Sea min­ing con­sents quashed

Stratford Press - - News - By LAU­REL STOWELL Whanganui Chron­i­cle

Calls for a mora­to­rium on seabed min­ing have been re­newed fol­low­ing a High Court de­ci­sion quash­ing Trans-Tas­man Re­sources’ con­sents to mine iron sand off­shore from Patea.

Both Ki­wis Against Seabed Min­ing and the Green Party — cel­e­brat­ing their court­room vic­tory — want such a mora­to­rium.

Trans-Tas­man Re­sources (TTR) ex­ec­u­tive chair­man Alan Eg­gers was nat­u­rally dis­ap­pointed by the de­ci­sion, and told the Chron­i­cle the com­pany was con­sid­er­ing its op­tions.

And South Taranaki mayor Ross Dun­lop said lo­cal peo­ple would have mixed feel­ings.

Many have been vo­cal about en­vi­ron­men­tal con­cerns around the min­ing op­er­a­tion — and he shares those con­cerns. How­ever, he said oth­ers had ex­pressed in­ter­est in eco­nomic op­por­tu­nity, and any pos­si­ble jobs had now been lost.

Jus­tice Peter Church­man is­sued the de­ci­sion on Au­gust 27.

TTR had pre­vi­ously been de­clined con­sent in 2014, but a sec­ond ap­pli­ca­tion was granted in Au­gust 2017 by a de­ci­sion­mak­ing com­mit­tee of the En­vi­ron­men­tal Pro­tec­tion Au­thor­ity (EPA). The con­sents would have al­lowed TTR to suck up 50 mil­lion tonnes of iron sand a year from the seafloor be­tween 22km and 36km off­shore, and ex­port five mil­lion tonnes of iron ore to Asia. The com­pany said it would have cre­ated 300 jobs and in­creased New Zealand gross do­mes­tic prod­uct by $160 mil­lion.

The de­ci­sion-mak­ing com­mit­tee set 109 con­di­tions for the min­ing, in­clud­ing the com­pany spend­ing two years as­sess­ing the marine en­vi­ron­ment be­fore start­ing min­ing, and then as­sess­ing dam­age to sea life after five years. If sed­i­ment af­fected the clar­ity of coastal wa­ter by more than 10 per cent, it would have to stop min­ing.

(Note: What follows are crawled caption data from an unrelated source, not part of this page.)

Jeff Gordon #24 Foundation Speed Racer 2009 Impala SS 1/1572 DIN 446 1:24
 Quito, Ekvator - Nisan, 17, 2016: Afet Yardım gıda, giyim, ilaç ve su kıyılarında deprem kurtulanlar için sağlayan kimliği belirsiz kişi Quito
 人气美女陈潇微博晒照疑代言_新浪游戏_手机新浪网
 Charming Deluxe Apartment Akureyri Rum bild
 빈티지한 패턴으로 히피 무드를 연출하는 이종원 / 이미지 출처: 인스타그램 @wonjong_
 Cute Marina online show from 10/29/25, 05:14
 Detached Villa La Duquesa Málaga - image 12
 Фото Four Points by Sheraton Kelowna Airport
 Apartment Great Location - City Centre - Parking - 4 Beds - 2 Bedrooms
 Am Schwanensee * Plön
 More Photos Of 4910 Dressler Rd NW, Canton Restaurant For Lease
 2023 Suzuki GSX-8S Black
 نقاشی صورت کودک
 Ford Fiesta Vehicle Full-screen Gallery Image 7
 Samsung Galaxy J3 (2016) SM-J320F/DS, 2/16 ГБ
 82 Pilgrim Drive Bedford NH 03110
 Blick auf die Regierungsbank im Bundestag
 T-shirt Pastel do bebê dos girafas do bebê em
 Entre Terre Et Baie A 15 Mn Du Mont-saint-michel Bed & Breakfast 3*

Jus­tice Church­man said the con­di­tions amounted to an adap­tive man­age­ment ap­proach — one where con­di­tions were set after the ac­tiv­ity was tested.

Un­der ex­clu­sive eco­nomic zone (EEZ) leg­is­la­tion, residues from min­ing are classed as haz­ardous sub­stances.

The judg­ment also said the con­sent­ing au­thor­ity, the EPA, must favour cau­tion and en­vi­ron­men­tal pro­tec­tion when in­for­ma­tion is un­cer­tain or in­ad­e­quate.